Cheapest single on eBay right now is 395 BIN. There's a pair for 350+80 shipping in Ca. that are beat all to hell. 
Found one on Houston CL for 350

Don't know where y'all are seeing them that cheap but you might think about buying them to resell.


----------



## cubdenno (Nov 10, 2007)

*I would say it was the location of your box. I have a friend here who was running a T*

I would say it was the location of your box. I have a friend here who was running a TC Sounds TC3000 15 in a sealed enclosure that was his center console. Same issue and complaints except for the funny noises. As for that i would play with your SSF. You are downfiring so while you have the air compliance of the enclosure acting as a spring, you also are fighting gravity. Especially when you have the volume up and low notes are played.

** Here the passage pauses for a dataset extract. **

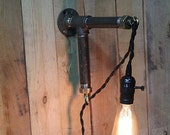 Steampunk Lamp, Rustic Lamp, Industrial Pipe Lamp, metal Sconce, Edison Lamp, Vintage metal lamp, Bedside Lamp, Loft Lighting, Wall Light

Anyway, he went on the extreme side and did a blow through but just on the passenger side. The corner firing results were simply amazing. Same power but several db louder. All due to reduction of cancellation.


----------



## UNBROKEN (Sep 25, 2009)

60ndown said:


> not $250
> 
> jl w7 | eBay
> 
> ...


My W6 box is only 7 1/2" deep...and half the recommended size for a W7


----------



## 60ndown (Feb 8, 2007)

UNBROKEN said:


> My W6 box is only 7 1/2" deep...and half the recommended size for a W7


fair enough, port the w6 


send me the w7


----------



## UNBROKEN (Sep 25, 2009)

*Re: I would say it was the location of your box. I have a friend here who was running*



cubdenno said:


> I would say it was the location of your box. I have a friend here who was running a TC Sounds TC3000 15 in a sealed enclosure that was his center console. Same issue and complaints except for the funny noises. As for that i would play with your SSF. You are downfiring so while you have the air compliance of the enclosure acting as a spring, you also are fighting gravity. Especially when you have the volume up and low notes are played.
> 
> Anyway, he went on the extreme side and did a blow through but just on the passenger side. The corner firing results were simply amazing. Same power but several db louder. All due to reduction of cancellation.

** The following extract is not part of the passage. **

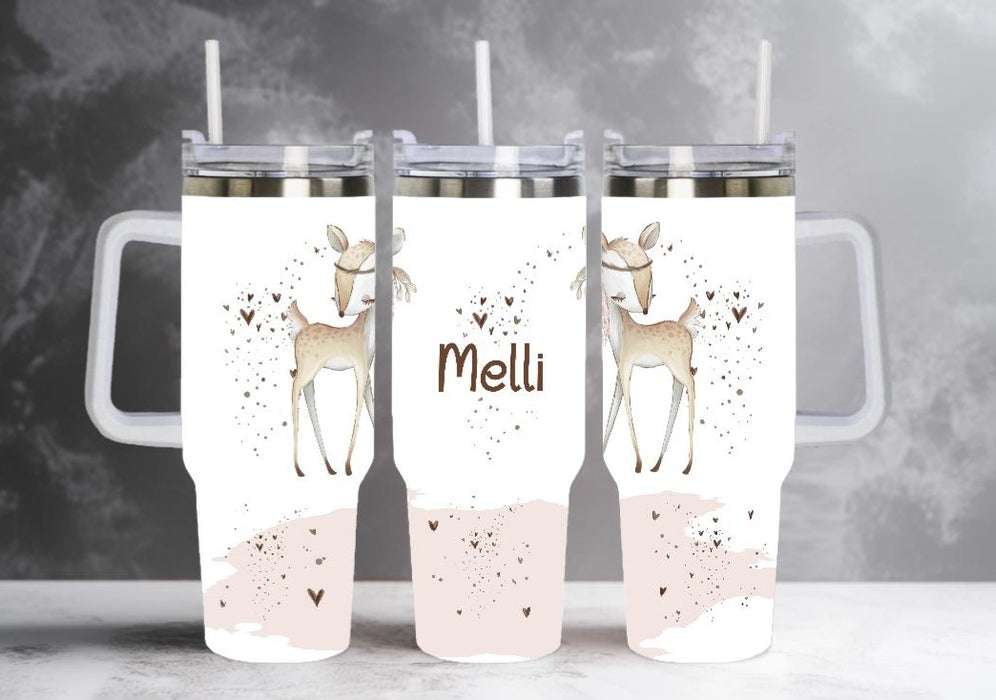 Trinkbecher to go Edelstahl Eule Waldtiere mit Strohhalm Kaffebecher Thermobecher 1100ml Skinny Cup Becher Geschenk - CreativMade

I'm gonna see what happens with this new sub in a sealed box firing to the front and rear...if I find what I want I'll figure out how to incorporate it into a nice center console. 
If this doesn't work it's a pair of 13TW5's behind the back seat. 
I really don't wanna do a blow through. My bed is completely finished and I don't wanna have to start over on that.


----------



## cubdenno (Nov 10, 2007)

Sorry if you thought that was what I was suggesting. I was just using my friends experience as an example. If you have the room and you can try it, point the woofer toward the passenger side wall in the rear of the truck. See what happens. If it does what I expect, it will open your eyes. Good luck man!


----------



## UNBROKEN (Sep 25, 2009)

60ndown said:


> fair enough, port the w6
> 
> 
> send me the w7


Deal...you should wait on the porch for the UPS guy. lol


----------



## UNBROKEN (Sep 25, 2009)

cubdenno said:


> Sorry if you thought that was what I was suggesting. I was just using my friends experience as an example. If you have the room and you can try it, point the woofer toward the passenger side wall in the rear of the truck. See what happens. If it does what I expect, it will open your eyes. Good luck man!


There's noooo way that'll happen. I have just about the biggest truck you can buy and it has less room behind the seat than a Smart Car.


----------



## upperguy (Jul 31, 2009)

hey if you want to resell them shoot me a PM, I'll give em to you for 200+shipping each


----------